Bien sûr, le cas le plus flagrant de « fraude électorale » de ces dernières années fut le vol des élections de 2000 lorsque les responsables républicains de l’Etat de la Floride ont délibérément supprimé la participation dans les cités afro-américaines pour ensuite certifier George W. Bush vainqueur avec une majorité de 537 voix. Lorsque la Cour suprême de l’Etat de la Floride avait ordonné un recompte intégral qui menaçait la soi-disant victoire de Bush, la Cour suprême des Etats-Unis était intervenue avec sa tristement célèbre décision de Bush vs Gore suspendant le recompte des voix et installant le Républicain à la Maison Blanche. Le Parti démocrate avait capitulé devant cette attaque contre les droits démocratiques, préparant ainsi le terrain aux attaques qui ont suivi.
Comme l'avait fait remarquer à l’époque le World Socialist Web Site, l’action de la Cour suprême et la décision du candidat démocrate Al Gore ainsi que du Parti démocrate d’accepter l’installation de Bush, qui avait perdu le vote populaire par une marge de près d’un million, a montré qu’il ne subsistait plus au sein de l’élite dirigeante américaine une base significative décidée à défendre les droits démocratiques.

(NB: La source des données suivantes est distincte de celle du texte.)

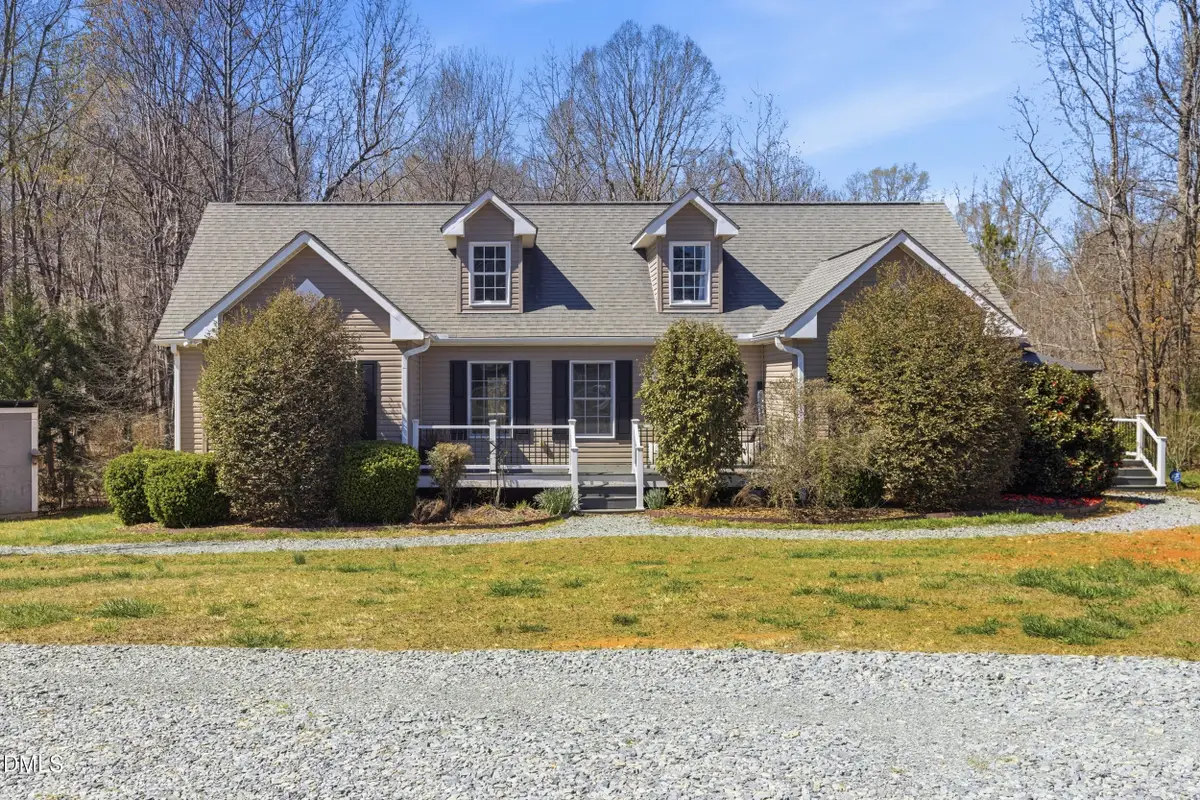 5522 Pleasant Woods Drive, Mebane, NC 27302 - #1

Alors que les Démocrates s’opposent, à des fins électorales à court terme, aux attaques des Républicains contre la participation à l'élection dans les zones habitées par des minorités, le gouvernement Obama a, à tout point de vue, continué et accéléré les attaques contre les droits démocratiques appliquées par le gouvernement Bush. Ainsi il a intensifié l’espionnage politique du peuple américain, maintenu le camp de concentration américain à Guantanamo Bay sans oublier la déclaration sans précédent que le président a le pouvoir d’ordonner l’assassinat de tout individu, dont des citoyens américains, au moyen d’un missile lancé depuis un drone.